I’m trying to optimize a binary search function for strings in JavaScript. Since each comparison step involves checking if the key is equal to or less than the pivot, this results in two string comparisons per iteration.
In C-like languages, we have strcmp()
which returns a ternary value (-1, 0, +1), allowing just one comparison.
What and how can I use a similar approach in JavaScript. Is there a native method or recommended pattern to compare strings in JavaScript that returns a comparable result (-1, 0, 1) in one go?
If you haven’t explored this yet, localeCompare() is your friend here. It’s JavaScript’s built-in way to compare strings and return a ternary value just like strcmp() in C.
const result = "apple".localeCompare("banana");
// Returns -1 because "apple" < "banana"
So for a binary search, you can write:
function binarySearch(arr, key) {
let low = 0;
let high = arr.length - 1;
while (low <= high) {
const mid = Math.floor((low + high) / 2);
const cmp = key.localeCompare(arr[mid]);
if (cmp === 0) return mid;
else if (cmp < 0) high = mid - 1;
else low = mid + 1;
}
return -1;
}
Why this is awesome?
Handles locale-specific ordering if needed (but you can ignore that with localeCompare(otherString, undefined, { sensitivity: 'base' }))
For simple ASCII, use manual comparison (only if you’re chasing microseconds)

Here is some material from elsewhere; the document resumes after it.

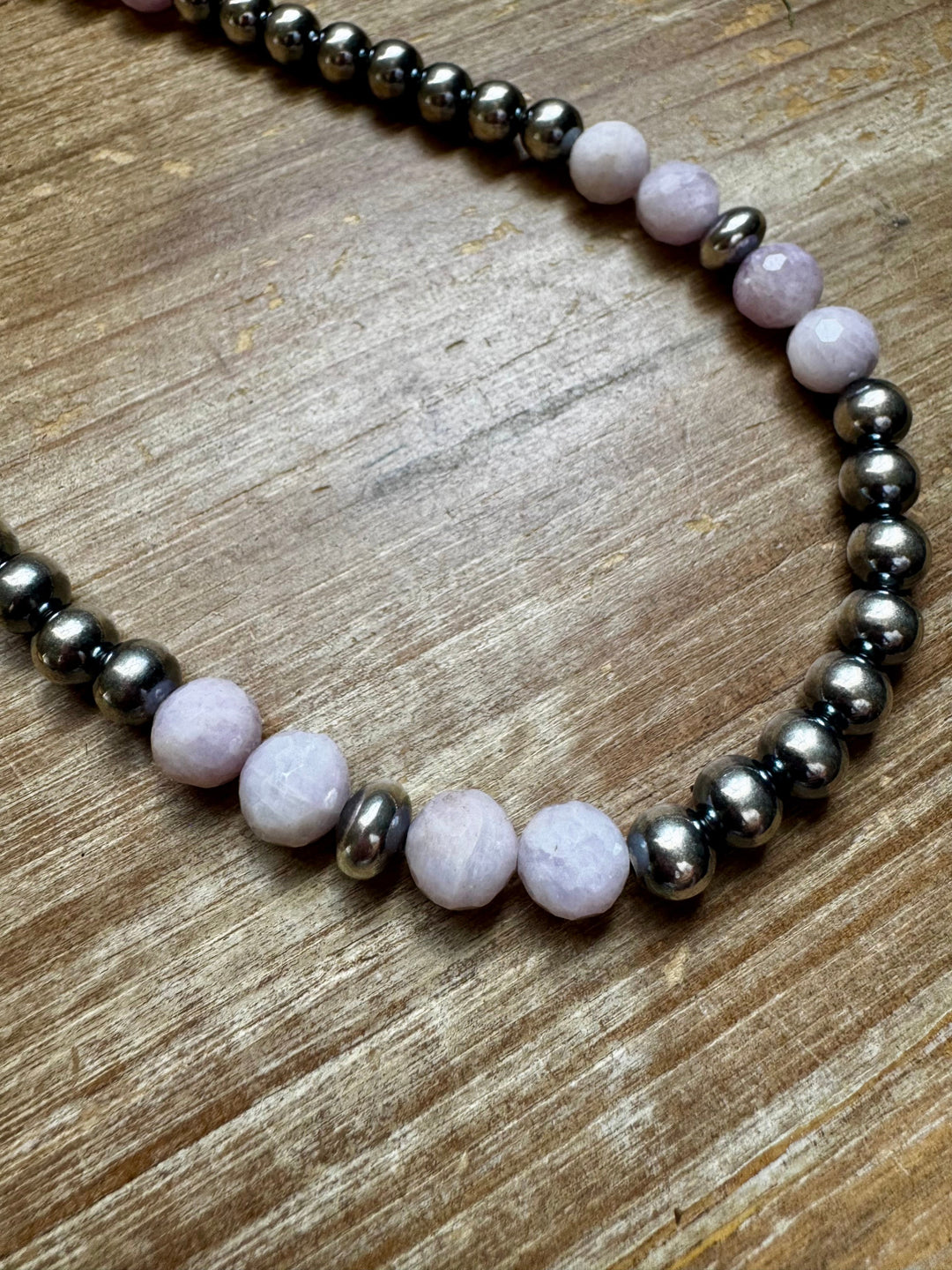 Faceted Kunzite & Sterling Silver Necklace – 8 mm Pearls – 20 Inch Necklaces Shopify Collective The Bijoux FAB Jewelry The Bijoux FAB Jewelry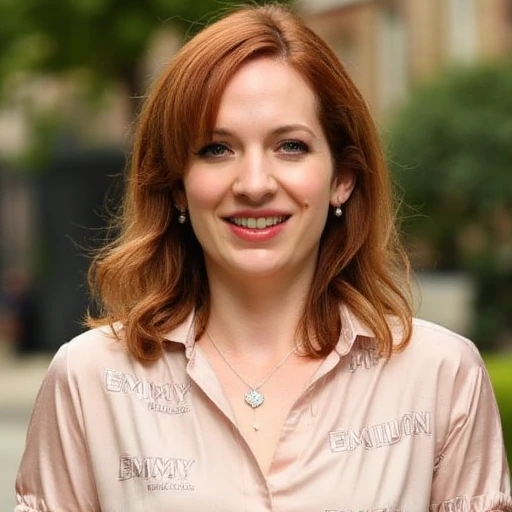 cheerful expression. She has light skin with a natural, taken outdoors. She has shoulder-length, silky cream-colored blouse with a V-neckline., as indicated by the repeating "Emmy" and "MILLION" text. The woman, auburn hair styled in loose waves and is wearing a light, she has a delicate silver necklace with a small pendant., natural makeup look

If you don’t need locale awareness (e.g., sorting plain lowercase English words), and you’re really trying to eke out performance, you could go with something like this:
function compareStrings(a, b) {
if (a === b) return 0;
return a < b ? -1 : 1;
}
This is slightly faster in some environments than localeCompare() but lacks its flexibility and correctness for non-English or case-sensitive data.
This isn’t an optimization per se, but during dev, it helps to log your comparison results:
const cmp = key.localeCompare(arr[mid]);
console.log(`Comparing ${key} with ${arr[mid]}: ${cmp}`);
I’ve found that when optimizing string-based algorithms, having these logs in place (and then removing them later) really helps spot logic bugs or unexpected behaviors with similar-looking strings.